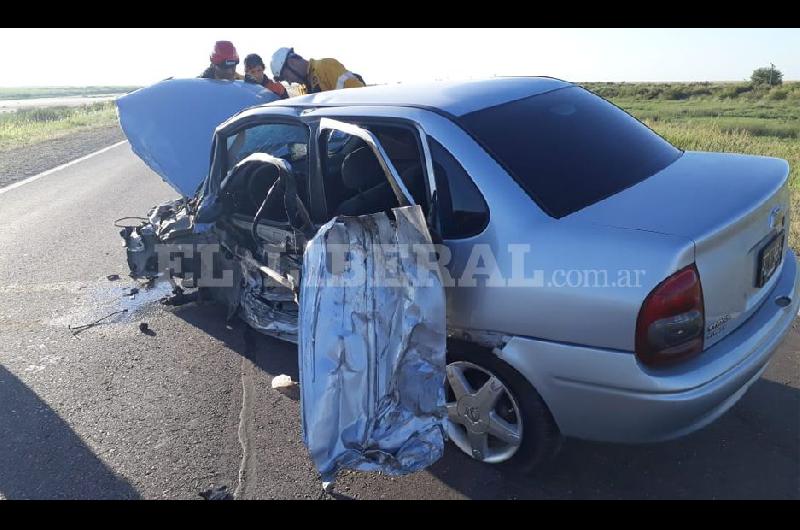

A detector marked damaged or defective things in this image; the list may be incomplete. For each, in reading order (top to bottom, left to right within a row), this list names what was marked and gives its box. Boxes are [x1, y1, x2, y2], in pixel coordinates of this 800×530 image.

crumpled car hood [115, 77, 278, 195]
detached car door [300, 117, 450, 480]
torn metal panel [300, 204, 450, 480]
wrecked car [117, 75, 800, 474]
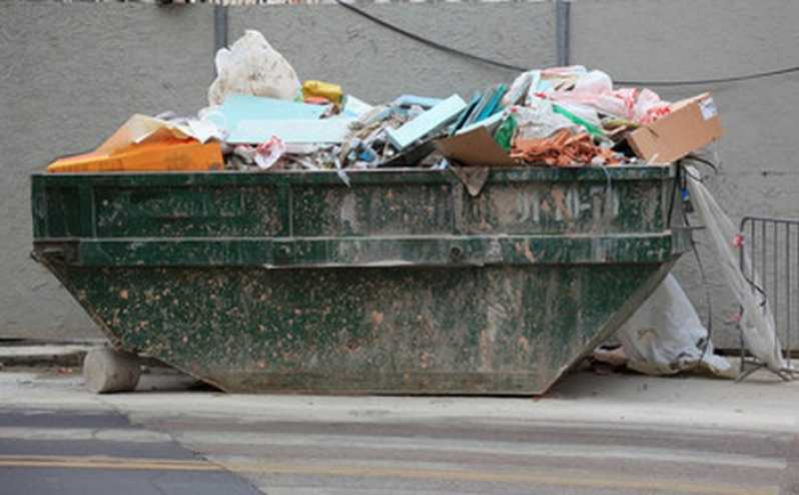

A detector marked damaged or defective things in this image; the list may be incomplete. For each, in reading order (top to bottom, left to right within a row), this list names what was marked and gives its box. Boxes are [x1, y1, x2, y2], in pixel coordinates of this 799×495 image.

rusty green container [31, 167, 692, 396]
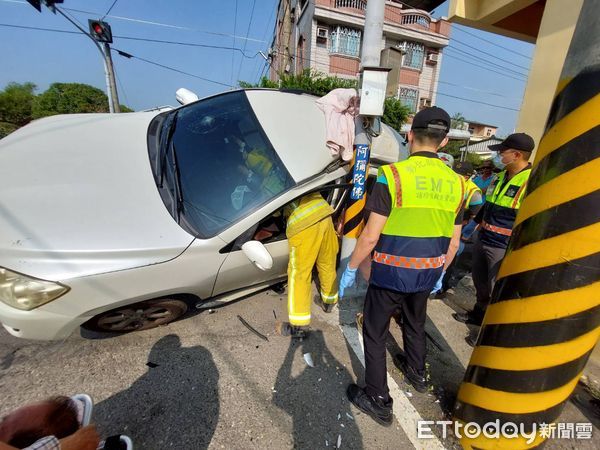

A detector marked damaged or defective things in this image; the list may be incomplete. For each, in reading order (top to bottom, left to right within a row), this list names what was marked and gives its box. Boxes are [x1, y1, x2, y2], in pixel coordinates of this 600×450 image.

crashed white car [0, 89, 408, 340]
shattered windshield [163, 91, 296, 239]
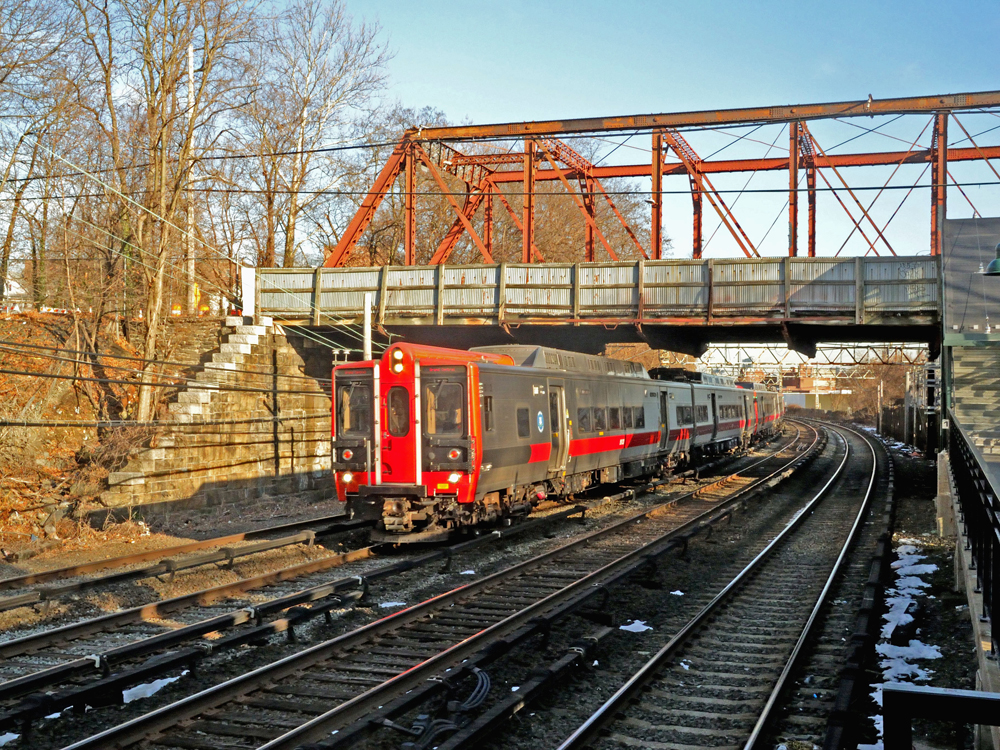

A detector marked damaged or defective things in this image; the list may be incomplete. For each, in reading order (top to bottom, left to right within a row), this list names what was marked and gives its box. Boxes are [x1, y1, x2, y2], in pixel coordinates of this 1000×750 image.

________________

> Your assignment: Pictures are to be left out when the entries above are repeated exactly.

> Reply to the exercise:
A detector marked damaged or defective things in this image; the list may be incomplete. For each, in reading order (top to bottom, left to right within a row), this list names what was marked and gives its box. Boxes are [x1, y1, x2, y2], in pixel coordinates of this 800×530 image.

crumpled car hood [115, 77, 278, 195]
detached car door [300, 117, 450, 480]
torn metal panel [300, 204, 450, 480]
wrecked car [117, 75, 800, 474]

A detector marked damaged or defective things in this image; the list may be incomplete. For each, in reading order (top to bottom, left to right within a row), this list names what was marked and gives its box. Boxes are [x1, y1, x2, y2], in pixel coordinates of this 799×495 image.

rusty green container [31, 167, 692, 396]

A detector marked damaged or defective things in this image; the list may be incomplete. For each, in reading order (top to bottom, left to right within a row), this list names what was marked and gives its box. Boxes are [x1, y1, x2, y2], in pixel coordinates of this 600×450 image.

crashed white car [0, 89, 408, 340]
shattered windshield [163, 91, 296, 239]

A detector marked damaged or defective things in this image; the list may be incomplete. For each, in reading order (top to bottom, left to right within a row), this list names what was marked and gives its box. Boxes are [x1, y1, x2, y2], in pixel coordinates of this 1000×750 image.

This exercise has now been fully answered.